What Mark Lilla says about current political thinking - “Our hubris is
to think that we no longer have to think hard or pay attention or look for
connections, that all we have to do is stick to our “democratic values” and
economic models and faith in the individual and all will be well” - is also echoed by Michael Sandel on the role of markets in our lives: “Our reluctance to bring competing
conceptions of the good life into political debate has not only impoverished
our public discourse; it has also left us ill equipped to contend with the
growing role and reach of markets in our lives.”, as well as by Evgeny Morozov on the
current digital infrastructure (known under the collective name “the Internet”),
which is assuming an increasingly significant role in exposing us to both
politics and markets: “If the public
debate is any indication, the finality of "the Internet"— the belief
that it's the ultimate technology and the ultimate network— has been widely
accepted. Its Silicon Valley's own version of the end of history: just as
capitalism-driven liberal democracy in Francis Fukuyama's controversial account
remains the only game in town, so does the capitalism-driven "Internet”. It,
the logic goes, is a precious gift from the gods that humanity should never
abandon or tinker with. Thus, while "the Internet" might disrupt
everything, it itself should never be disrupted. It's here to stay— and we'd
better work around it, discover its real nature, accept its features as given,
learn its lessons, and refurbish our world accordingly. If it sounds like a
religion, it's because it is.”
The direct consequence is that people are operating on
autopilot-mode, know less about themselves than computing-enabled businesses
and governments and don’t even counterbalance this phenomenon by formulating
intentions of their own (who has time to do so when there is so much going on on
Netflix and Facebook?)!
The indirect consequence is that we
continue to satisfy most of their personal needs (while at the same time
gradually becoming more ignorant about other needs), we are becoming disengaged
socially (if we cannot even formulate personal intentions, it is even less
likely to formulate collective or shared intentions) and politically (in our
“digital Disneyland”, politics sound very unfamiliar and problematic).

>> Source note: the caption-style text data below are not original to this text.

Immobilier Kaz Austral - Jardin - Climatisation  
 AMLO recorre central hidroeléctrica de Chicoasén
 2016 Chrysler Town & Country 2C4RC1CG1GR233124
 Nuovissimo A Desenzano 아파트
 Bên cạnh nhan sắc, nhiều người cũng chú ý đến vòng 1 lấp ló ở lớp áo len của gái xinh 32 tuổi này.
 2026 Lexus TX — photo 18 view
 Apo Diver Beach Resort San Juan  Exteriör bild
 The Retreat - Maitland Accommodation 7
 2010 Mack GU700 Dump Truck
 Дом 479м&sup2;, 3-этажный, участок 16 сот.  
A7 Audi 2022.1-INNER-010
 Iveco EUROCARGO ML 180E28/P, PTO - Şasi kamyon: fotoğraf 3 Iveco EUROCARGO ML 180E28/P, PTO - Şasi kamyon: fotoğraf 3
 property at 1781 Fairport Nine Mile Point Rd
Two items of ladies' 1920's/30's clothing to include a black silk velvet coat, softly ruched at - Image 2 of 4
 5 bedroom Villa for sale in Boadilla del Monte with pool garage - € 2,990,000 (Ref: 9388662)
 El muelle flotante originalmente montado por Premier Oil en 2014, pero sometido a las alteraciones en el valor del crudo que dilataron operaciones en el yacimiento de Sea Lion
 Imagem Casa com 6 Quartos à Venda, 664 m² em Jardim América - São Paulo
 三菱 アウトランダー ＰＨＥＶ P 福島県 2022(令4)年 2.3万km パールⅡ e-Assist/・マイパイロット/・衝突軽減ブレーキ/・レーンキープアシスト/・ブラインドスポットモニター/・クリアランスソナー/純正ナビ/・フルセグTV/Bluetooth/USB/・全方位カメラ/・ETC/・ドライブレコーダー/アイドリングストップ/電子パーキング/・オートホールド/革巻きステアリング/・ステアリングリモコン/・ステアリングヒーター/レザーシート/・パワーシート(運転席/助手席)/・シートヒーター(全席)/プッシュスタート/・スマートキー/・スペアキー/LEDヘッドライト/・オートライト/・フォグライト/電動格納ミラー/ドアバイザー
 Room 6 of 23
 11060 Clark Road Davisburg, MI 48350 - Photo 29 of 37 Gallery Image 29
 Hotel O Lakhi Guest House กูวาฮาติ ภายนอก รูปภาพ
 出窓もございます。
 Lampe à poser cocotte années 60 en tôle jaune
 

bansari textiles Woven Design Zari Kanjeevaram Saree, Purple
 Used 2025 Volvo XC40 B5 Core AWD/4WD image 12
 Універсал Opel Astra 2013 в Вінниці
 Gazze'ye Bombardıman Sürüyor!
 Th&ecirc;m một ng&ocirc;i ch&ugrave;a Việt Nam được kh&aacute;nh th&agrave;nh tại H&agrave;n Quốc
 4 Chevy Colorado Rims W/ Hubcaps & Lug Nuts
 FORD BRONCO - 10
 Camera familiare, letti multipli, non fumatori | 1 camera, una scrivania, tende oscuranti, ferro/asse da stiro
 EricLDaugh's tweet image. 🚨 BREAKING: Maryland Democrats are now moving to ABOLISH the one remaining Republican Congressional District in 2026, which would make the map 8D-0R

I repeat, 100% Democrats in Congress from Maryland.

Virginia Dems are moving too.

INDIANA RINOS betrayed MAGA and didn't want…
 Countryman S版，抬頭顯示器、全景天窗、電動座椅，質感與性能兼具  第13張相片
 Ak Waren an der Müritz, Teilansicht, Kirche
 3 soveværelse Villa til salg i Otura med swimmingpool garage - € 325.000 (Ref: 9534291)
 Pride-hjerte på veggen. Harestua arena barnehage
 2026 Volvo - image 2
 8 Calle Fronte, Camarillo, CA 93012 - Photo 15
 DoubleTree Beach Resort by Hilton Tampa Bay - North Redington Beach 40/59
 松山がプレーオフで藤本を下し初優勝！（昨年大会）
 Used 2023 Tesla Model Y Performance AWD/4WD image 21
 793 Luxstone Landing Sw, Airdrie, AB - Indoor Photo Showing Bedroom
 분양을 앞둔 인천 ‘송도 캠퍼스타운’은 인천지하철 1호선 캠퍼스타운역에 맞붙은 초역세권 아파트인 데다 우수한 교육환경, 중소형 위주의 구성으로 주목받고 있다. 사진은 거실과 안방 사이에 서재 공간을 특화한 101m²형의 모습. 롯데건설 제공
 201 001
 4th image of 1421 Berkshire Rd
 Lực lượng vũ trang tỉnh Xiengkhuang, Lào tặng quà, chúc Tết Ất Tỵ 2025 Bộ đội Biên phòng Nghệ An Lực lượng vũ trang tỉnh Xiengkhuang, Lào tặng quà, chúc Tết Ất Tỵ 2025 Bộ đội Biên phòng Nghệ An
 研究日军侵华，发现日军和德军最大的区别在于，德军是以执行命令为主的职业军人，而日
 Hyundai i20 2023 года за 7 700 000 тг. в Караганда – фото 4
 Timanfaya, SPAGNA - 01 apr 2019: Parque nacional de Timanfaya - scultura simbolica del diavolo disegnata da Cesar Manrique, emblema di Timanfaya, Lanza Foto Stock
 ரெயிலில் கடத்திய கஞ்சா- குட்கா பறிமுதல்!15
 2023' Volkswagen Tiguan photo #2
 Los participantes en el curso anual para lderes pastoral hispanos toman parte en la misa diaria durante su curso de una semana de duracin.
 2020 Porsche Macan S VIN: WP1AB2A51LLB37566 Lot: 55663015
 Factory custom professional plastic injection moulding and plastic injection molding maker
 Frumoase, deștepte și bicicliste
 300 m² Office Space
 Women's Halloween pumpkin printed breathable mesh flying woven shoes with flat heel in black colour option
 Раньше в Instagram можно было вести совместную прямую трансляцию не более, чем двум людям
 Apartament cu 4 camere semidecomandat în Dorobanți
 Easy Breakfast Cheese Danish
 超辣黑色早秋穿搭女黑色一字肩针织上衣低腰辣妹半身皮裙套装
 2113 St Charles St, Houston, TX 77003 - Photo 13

Technology and socio-economic status determine an individual’s “cognitive
island”, leading to ever increasing inequality and ever decreasing social
cohesion.
…and ultimately: the prospect of technological Singularity– the prospect that the
exponentially increasing capabilities of technology will hopelessly outpace
human capabilities (although, as we can see, this has already happened!) – both
its economic and social consequences need to be addressed to close the social
aspiration gap to ensure that society can flourish.
Our aim should be a society that
is aware of its machine-enhanced capabilities and is able to engender intentions
that foster both personal and collective well-being.